Stored data
>>>>>

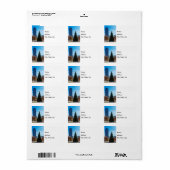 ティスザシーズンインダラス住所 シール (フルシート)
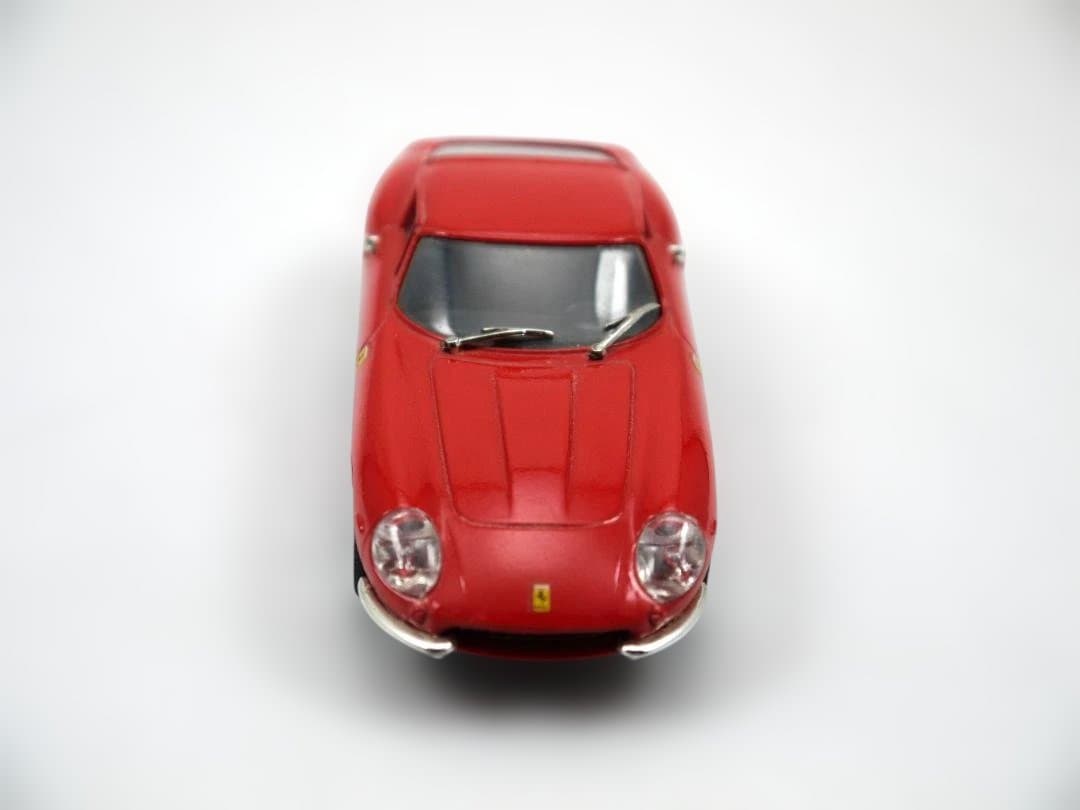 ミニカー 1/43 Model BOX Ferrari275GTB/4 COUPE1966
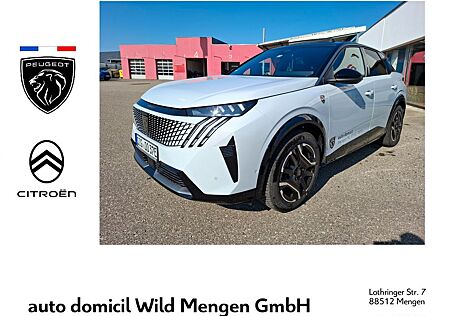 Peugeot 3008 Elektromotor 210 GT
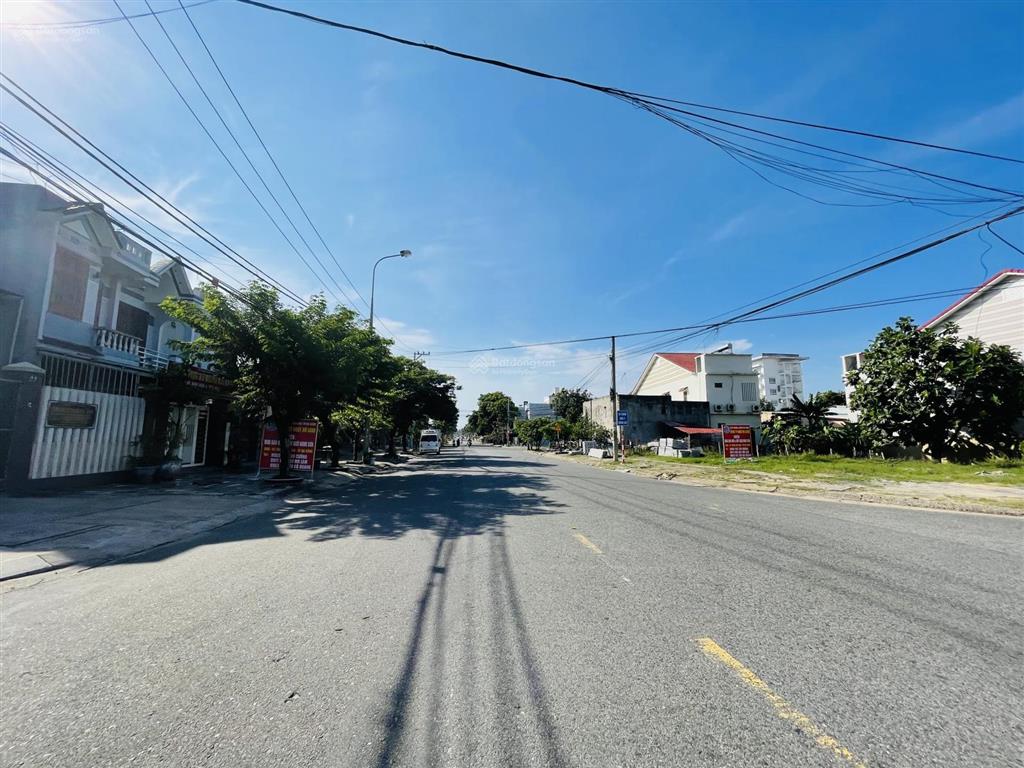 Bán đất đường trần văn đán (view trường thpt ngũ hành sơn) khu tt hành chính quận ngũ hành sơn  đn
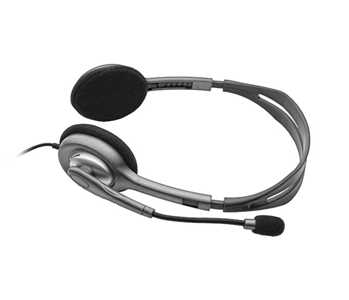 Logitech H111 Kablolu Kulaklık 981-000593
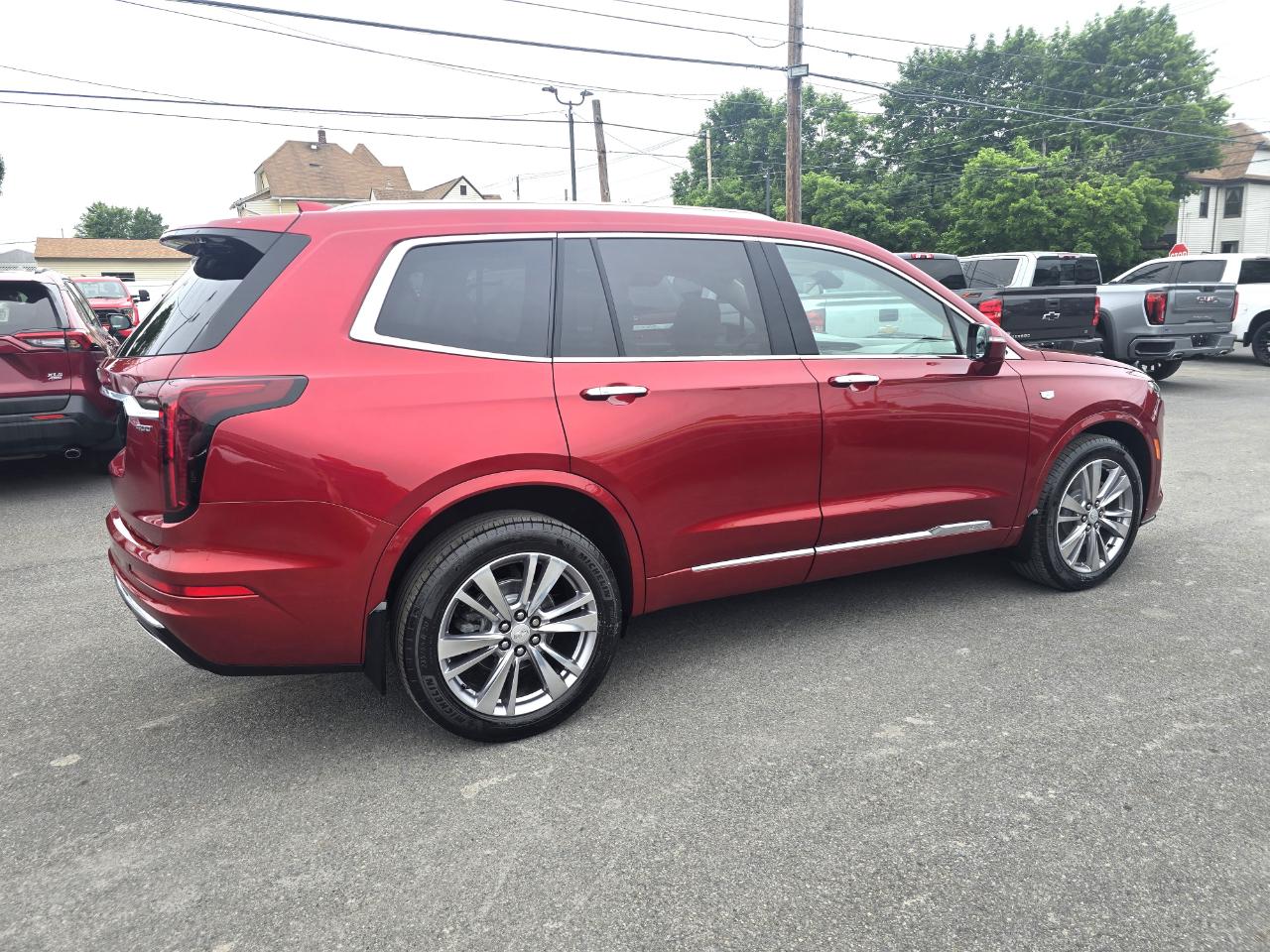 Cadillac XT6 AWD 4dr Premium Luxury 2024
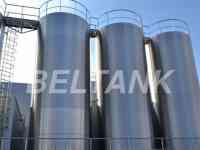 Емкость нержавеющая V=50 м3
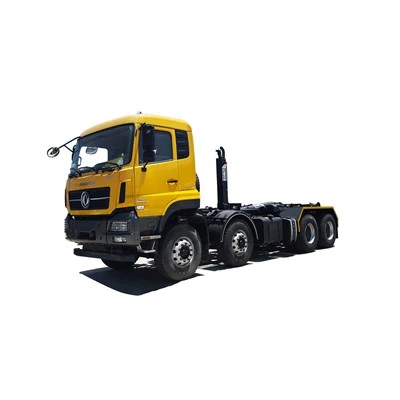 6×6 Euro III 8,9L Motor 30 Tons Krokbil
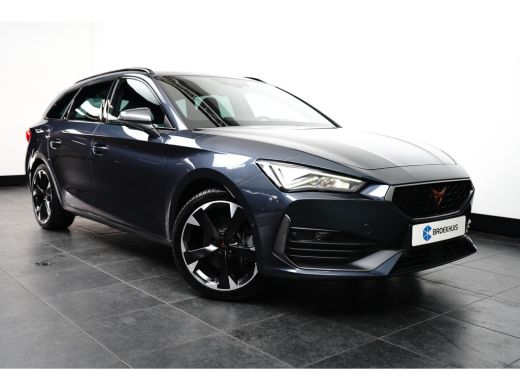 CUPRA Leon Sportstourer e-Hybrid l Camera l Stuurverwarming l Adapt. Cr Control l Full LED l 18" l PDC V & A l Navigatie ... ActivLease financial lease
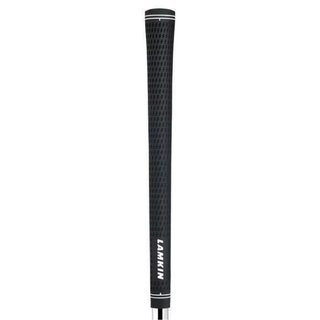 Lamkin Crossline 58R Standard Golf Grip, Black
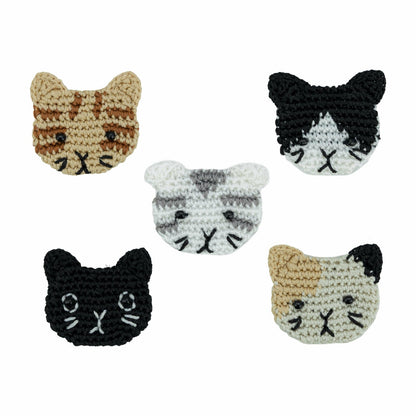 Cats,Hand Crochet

<<<<<

* [What to work on]:
Your copy should hold exactly the lines from the one that contains "Lamkin Crossline 58R" through the final line of the data, both ends included, and no pictures.

* [Exercise response]:
 Lamkin Crossline 58R Standard Golf Grip, Black
 Cats,Hand Crochet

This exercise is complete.